Please reproduce the data below exactly, from the first line through the line containing "开云app 2026上海和平精英电竞夏日营报名要求？", and leave every later line out.

____ EXTRACTED INFORMATION

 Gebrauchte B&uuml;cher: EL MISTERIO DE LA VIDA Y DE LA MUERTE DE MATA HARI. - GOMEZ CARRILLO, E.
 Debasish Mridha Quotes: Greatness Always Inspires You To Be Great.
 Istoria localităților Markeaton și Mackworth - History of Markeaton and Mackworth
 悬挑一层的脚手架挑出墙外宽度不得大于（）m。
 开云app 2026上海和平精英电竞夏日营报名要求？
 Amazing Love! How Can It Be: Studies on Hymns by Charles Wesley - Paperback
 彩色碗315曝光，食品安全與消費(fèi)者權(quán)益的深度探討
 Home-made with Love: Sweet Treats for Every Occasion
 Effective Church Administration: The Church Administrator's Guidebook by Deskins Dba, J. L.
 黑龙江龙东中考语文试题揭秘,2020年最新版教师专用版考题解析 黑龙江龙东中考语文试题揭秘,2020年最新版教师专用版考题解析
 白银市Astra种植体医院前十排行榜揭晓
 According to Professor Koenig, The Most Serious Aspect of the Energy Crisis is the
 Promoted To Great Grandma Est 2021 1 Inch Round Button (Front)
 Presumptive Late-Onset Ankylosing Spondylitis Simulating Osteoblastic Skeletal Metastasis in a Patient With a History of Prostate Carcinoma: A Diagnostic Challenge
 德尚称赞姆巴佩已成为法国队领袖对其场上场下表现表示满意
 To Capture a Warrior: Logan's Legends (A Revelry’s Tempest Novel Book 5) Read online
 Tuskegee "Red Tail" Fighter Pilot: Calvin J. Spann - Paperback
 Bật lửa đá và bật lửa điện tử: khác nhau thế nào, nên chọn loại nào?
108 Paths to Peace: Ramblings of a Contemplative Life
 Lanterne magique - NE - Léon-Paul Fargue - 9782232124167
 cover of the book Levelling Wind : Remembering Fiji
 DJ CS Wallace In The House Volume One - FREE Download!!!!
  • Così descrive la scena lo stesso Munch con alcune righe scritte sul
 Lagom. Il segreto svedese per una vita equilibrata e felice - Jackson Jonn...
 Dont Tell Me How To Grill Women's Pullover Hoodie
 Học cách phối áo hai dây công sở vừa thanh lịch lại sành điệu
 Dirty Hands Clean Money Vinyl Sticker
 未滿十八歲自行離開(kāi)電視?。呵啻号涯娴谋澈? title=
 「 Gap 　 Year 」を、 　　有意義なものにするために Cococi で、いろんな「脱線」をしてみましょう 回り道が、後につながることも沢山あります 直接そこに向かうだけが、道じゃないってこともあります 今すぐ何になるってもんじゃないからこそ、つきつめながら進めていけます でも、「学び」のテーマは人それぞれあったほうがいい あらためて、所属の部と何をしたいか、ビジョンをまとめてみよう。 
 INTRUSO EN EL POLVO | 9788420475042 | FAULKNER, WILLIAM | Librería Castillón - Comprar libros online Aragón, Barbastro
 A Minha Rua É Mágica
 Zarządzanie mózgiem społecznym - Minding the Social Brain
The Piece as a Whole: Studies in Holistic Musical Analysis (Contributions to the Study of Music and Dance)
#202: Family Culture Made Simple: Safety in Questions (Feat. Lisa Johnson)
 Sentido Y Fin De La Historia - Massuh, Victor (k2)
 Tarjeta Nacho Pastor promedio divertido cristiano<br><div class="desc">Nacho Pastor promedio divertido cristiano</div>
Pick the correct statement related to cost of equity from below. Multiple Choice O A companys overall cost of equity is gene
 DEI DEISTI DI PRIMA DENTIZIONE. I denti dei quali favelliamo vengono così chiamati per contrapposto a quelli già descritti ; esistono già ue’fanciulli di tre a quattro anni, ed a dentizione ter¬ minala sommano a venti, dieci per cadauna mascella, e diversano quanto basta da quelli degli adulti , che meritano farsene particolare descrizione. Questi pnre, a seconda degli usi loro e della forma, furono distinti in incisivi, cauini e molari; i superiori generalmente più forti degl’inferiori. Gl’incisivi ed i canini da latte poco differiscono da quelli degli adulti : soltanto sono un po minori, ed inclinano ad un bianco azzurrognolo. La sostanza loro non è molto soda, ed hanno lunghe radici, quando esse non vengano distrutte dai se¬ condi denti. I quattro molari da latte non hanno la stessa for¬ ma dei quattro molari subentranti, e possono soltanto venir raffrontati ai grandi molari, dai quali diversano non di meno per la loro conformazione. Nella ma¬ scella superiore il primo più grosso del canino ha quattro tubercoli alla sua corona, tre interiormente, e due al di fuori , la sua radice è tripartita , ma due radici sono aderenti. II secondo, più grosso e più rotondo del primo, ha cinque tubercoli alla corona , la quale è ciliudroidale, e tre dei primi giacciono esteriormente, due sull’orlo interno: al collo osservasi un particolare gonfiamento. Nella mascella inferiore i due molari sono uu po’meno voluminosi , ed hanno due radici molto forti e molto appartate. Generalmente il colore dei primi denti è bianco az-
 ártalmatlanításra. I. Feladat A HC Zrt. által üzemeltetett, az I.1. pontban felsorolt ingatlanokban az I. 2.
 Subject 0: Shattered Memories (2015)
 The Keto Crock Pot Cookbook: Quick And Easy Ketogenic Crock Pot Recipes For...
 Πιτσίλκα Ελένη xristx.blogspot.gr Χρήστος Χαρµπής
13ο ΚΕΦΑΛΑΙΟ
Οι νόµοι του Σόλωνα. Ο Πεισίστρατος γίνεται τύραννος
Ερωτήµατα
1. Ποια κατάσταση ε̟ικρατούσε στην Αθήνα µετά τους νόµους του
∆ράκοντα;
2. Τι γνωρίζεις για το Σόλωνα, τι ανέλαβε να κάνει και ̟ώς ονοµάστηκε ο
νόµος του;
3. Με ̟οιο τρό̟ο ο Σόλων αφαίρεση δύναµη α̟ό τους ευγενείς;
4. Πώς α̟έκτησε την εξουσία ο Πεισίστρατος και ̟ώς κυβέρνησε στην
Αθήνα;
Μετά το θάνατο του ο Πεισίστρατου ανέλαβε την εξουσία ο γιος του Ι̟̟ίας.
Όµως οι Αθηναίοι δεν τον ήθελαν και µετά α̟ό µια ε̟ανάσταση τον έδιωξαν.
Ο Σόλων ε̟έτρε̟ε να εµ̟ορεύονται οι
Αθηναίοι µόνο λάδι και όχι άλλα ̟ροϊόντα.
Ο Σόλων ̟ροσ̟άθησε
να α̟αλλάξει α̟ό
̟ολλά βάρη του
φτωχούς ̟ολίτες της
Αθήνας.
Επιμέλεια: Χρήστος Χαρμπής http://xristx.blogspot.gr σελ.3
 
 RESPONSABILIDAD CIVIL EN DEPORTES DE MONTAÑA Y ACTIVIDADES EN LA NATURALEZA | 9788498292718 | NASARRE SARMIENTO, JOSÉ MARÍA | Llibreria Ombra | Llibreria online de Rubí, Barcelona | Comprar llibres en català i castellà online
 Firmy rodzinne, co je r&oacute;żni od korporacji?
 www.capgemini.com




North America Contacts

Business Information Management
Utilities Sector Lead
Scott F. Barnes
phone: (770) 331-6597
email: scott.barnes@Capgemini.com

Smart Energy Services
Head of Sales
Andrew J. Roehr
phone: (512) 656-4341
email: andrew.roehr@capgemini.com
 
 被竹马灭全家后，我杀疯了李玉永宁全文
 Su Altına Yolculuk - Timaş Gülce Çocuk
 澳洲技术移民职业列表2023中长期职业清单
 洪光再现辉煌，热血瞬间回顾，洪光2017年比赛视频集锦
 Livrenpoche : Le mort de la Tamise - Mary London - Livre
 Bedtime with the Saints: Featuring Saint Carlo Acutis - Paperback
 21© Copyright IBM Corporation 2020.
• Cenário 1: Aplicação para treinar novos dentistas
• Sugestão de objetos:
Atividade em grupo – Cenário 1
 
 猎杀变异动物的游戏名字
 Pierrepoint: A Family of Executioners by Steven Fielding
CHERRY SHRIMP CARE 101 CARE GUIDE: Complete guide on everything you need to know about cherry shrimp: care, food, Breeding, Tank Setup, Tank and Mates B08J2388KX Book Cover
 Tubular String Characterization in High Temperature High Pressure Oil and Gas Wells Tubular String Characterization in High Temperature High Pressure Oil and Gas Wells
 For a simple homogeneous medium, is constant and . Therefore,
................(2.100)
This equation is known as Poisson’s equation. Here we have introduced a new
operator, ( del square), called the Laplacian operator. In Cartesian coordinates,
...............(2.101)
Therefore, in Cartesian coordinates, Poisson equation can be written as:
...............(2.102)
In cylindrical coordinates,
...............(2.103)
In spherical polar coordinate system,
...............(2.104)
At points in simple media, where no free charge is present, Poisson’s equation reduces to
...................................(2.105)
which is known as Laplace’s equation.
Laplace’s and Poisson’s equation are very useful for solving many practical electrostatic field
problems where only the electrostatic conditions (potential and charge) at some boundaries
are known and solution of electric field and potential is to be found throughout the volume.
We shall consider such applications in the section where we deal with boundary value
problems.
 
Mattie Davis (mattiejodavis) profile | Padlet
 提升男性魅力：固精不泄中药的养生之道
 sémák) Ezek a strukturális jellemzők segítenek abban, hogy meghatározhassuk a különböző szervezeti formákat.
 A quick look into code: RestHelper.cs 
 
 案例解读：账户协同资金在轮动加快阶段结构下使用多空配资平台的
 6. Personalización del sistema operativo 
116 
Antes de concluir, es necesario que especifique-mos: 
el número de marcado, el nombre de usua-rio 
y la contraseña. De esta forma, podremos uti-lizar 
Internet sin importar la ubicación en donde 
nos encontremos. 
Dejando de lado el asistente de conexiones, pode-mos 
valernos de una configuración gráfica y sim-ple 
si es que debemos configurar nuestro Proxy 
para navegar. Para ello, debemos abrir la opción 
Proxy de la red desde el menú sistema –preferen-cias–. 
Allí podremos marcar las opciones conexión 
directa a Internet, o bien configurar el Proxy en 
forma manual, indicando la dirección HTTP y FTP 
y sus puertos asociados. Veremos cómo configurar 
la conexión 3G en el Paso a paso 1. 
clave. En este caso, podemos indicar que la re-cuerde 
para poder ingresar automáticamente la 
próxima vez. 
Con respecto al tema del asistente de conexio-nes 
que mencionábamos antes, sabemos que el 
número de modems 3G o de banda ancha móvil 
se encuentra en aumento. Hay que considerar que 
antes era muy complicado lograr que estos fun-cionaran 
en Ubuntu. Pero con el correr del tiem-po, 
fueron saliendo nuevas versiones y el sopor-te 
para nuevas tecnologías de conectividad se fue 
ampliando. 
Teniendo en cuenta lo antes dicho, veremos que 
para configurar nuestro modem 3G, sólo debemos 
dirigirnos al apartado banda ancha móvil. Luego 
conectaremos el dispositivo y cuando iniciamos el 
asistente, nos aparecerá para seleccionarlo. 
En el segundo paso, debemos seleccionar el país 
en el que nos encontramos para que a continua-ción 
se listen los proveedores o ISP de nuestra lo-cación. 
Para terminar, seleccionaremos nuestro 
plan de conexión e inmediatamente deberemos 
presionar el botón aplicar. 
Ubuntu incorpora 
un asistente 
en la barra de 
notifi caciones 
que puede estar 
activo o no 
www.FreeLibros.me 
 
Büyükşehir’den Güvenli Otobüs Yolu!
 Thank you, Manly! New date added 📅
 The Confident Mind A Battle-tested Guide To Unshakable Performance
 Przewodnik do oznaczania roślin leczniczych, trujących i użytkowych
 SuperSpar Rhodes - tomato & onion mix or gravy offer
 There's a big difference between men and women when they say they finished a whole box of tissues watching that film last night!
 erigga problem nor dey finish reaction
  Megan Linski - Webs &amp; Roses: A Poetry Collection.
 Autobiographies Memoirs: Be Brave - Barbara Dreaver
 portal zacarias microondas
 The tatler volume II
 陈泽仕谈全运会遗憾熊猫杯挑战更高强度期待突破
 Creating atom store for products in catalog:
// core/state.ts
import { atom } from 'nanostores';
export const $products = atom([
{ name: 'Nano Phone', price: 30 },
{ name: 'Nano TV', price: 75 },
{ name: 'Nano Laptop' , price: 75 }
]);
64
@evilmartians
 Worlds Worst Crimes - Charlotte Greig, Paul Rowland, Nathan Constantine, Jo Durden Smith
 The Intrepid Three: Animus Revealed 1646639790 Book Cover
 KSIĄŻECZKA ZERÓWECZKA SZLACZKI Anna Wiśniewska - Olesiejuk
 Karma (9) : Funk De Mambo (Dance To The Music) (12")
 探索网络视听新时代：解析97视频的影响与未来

________

• **SOLUTION**
 Gebrauchte B&uuml;cher: EL MISTERIO DE LA VIDA Y DE LA MUERTE DE MATA HARI. - GOMEZ CARRILLO, E.
 Debasish Mridha Quotes: Greatness Always Inspires You To Be Great.
 Istoria localităților Markeaton și Mackworth - History of Markeaton and Mackworth
 悬挑一层的脚手架挑出墙外宽度不得大于（）m。
 开云app 2026上海和平精英电竞夏日营报名要求？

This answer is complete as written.